Mittlerweile war eine Woche später, Mittwoch Morgen. Ich stand vor meinem Kleiderschrank, wie immer unschlüssig was ich anziehen sollte und durchstöberte die Kleiderhaufen. Alles was ich fand war ein grauer Kapuzenpullover und eine dunkelblaue Stoffhose. Seufzend ging ich damit ins Badezimmer, unterzog mich einer kurzen, kalten Dusche um mein kleines Morgenproblem zu beseitigen und verließ anschließend angezogen mit Rucksack das Haus. Auf Frühstücken hatte ich keine Lust, ich würde mir einfach in der Cafeteria etwas stibitzen. Mark machte sich große Sorgen um mich, das wusste ich. Ich redete selten und wenn dann auch nur wenig, ich war unkonzentriert im Unterricht und Nachmittags unternahm ich auch nichts mehr. Ich tat dies damit ab, dass ich viel Lernen müsste, doch eigentlich lag ich den ganzen Nachmittag auf der Couch und ließ mich von den nervigen Stimmen Deutschlands belabern.
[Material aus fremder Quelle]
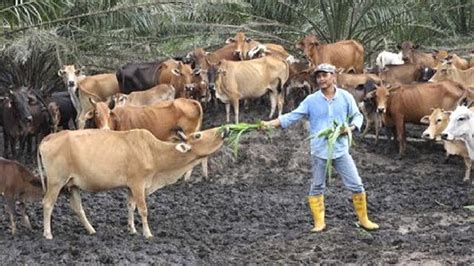 8 Keuntungan Ternak Kambing Vs Ternak Sapi Ini Patut Anda Tahu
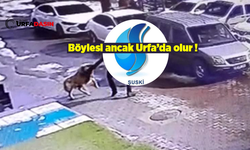 ŞUSKİ'nin Fatura Okumaya Giden Personeli Önce Tehdit Edildi Sonra Saldırıya Uğradı !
Ihm mitgeteilt, dass ich die Wette gewonnen hatte, hab ich immer noch nicht und hab somit mit ihm über das Geschehene am Dienstag auch nicht geredet. Ich wollte das ganze so gut wie es geht vergessen, mich machte der Gedanke an Joko einfach nur traurig.

Mir wollte beim besten Willen nicht klar werden, warum er sich so komisch verhielt. Warum er Sachen vergaß, wenn er nur ein bisschen Alkohol trank. Oder vergaß er gar nichts und nutzte diese Ausrede einfach, um das zwischen uns unverbindlicher zu machen, damit er auch andere flachlegen konnte? Fuck, war er überhaupt schwul? Oder nutzte er mich einfach nur aus, um sich alle Optionen freizuhalten? Bei dem Gedanken verdrehte sich mir der Magen und ich hätte mich am liebsten ins nächste Gebüsch übergeben, wenn ich nicht auf dem Schulhof stünde. Ich musste mich wohl oder übel zusammen reißen, auch wenn das gleich umso schwerer werden würde, wenn ich Joko ansehen müsste. Er beobachtete mich, wie am ersten Tag. Vielleicht hatte er die Hoffnung, dass es mich so nervös machte, dass ich wieder auf ihn zukam, doch das konnte er sich abschminken. Er müsste schon eine sehr gute Entschuldigung für sein arschlöchiges Verhalten haben. Da halfen keine dutzend Rosen und keine Schachtel Pralinen, ich wollte eine Erklärung haben. Aber selbst auf ihn zugehen und sie aus ihm herausquetschen, war für mich auch keine Möglichkeit. Ich war nicht der jenige, der es verbockt hatte, das hatte sich der Winterscheidt ganz alleine zuzuschreiben.

Es klingelte und erleichtert seufzte ich auf, da dieser schier endlose Schultag nun doch ein Ende nahm. Ich schnappte also nach meiner Tasche, warf sie mir über die Schulter und war gerade im Begriff aus dem Raum zu stürmen, als mich ein lautes »Halt!«, daran hinderte und ich abrupt zum stehen kam. »Klaas, ich möchte dich gerne sprechen. Nimm' dir doch bitte eine Minute, die anderen dürfen gehen.« Die rothaarige Erdkundelehrerin wies auf den Stuhl neben ihrem Pult, zu dem ich den Kopf hängen lassend schlenderte und mich darauf setzte. Mark nickte mir einmal entschuldigend zu und auch die anderen schauten mich fragend an, woraufhin ich nur mit den Schultern zuckte und meine Hände knetete. Auch Joko sah mich irritiert an, doch ich reagierte nicht darauf und ignorierte ihn. Als schlussendlich alle aus dem Raum verschwunden waren, lief Frau Schröder zur Tür, um diese zu schließen und dann laut zu seufzen.